China has 195 million hectares of forests, which represent approximately 20% of the surface area of its territory, two-thirds of which are natural forests and a third artificial forests. Young forests account for 67% of existing forest areas, with 40% of the volume of timber. Over the past thirty years, considerable efforts have been made to replant artificial forests, with 59 billion trees planted. However, the per capita forest area in China stands at less than a quarter of the world average level (0.62 hectares) and the volume of timber per hectare is also lower. Consequently, there is considerable scope for optimizing these reforestation activities, in particular by improving the management of these areas.

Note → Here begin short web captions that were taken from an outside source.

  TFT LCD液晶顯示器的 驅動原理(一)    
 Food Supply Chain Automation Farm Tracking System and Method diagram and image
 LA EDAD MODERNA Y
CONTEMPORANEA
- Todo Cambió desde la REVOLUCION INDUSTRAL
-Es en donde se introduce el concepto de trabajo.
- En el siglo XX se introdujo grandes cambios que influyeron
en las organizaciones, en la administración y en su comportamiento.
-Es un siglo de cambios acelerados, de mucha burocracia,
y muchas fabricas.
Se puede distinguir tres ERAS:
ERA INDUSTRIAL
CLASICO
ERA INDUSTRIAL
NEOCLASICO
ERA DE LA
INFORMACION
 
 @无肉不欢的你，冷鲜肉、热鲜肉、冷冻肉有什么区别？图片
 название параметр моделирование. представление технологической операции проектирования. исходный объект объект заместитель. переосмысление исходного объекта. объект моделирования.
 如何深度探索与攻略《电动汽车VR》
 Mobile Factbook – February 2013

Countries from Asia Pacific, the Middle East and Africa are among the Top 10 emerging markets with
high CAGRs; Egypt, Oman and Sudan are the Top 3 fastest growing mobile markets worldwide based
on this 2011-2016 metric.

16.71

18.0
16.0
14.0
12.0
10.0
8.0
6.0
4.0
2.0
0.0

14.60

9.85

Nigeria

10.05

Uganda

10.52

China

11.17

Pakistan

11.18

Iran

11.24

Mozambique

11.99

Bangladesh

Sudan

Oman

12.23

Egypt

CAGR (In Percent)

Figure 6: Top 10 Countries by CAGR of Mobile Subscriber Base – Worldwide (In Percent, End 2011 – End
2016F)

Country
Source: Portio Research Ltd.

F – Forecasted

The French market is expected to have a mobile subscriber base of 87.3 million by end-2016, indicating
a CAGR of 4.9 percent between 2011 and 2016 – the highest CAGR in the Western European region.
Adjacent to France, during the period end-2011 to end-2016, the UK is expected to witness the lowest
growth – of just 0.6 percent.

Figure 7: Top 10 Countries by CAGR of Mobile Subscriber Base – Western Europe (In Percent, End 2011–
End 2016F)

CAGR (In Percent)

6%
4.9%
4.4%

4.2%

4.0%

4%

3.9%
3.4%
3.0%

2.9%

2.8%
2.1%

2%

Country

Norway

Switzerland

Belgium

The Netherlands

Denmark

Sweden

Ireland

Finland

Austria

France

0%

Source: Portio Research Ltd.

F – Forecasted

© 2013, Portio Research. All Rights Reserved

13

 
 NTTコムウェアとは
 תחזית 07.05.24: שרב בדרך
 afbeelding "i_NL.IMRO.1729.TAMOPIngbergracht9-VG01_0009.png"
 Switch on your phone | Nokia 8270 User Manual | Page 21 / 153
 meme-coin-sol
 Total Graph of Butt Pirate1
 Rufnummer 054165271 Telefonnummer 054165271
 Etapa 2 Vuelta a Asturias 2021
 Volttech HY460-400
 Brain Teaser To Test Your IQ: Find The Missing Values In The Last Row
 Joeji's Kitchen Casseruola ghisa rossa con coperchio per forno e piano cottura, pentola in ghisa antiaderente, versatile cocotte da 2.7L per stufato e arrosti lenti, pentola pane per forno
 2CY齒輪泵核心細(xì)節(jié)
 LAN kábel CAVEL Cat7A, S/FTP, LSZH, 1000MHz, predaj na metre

The promotion of sustainable forest management is a priority for China’s State Forestry Administration (SFA). The introduction of certification systems is considered as one of the most effective ways of promoting improvements in forest management and the adoption of best practices. A number of initiatives have been launched to this end, in order to raise the awareness of logging companies and encourage them to engage in this process (publication of technical guides on forest certification schemes, on the accreditation of independent companies to conduct the audit, and on pilot projects for international certification). Finally, reforestation is an important area for the fight against climate change, in a context whereby over a third of greenhouse gas emissions are due to agricultural and forestry activities.
The project provides for the following activities:
- the rehabilitation of 100,100 hectares of bamboo (which were badly damaged by the severe storms and snowfalls in early 2008),
- the plantation of 60,600 hectares of woody species (fir trees in particular and other endemic deciduous species),
- the construction of forest roads, the creation of a fire prevention network, capacity building for stakeholders (local communities, forestry cooperatives, State-owned companies, administration) with training sessions on good management practices,
- the international certification of sustainable forest management and valuing of forest carbon credits.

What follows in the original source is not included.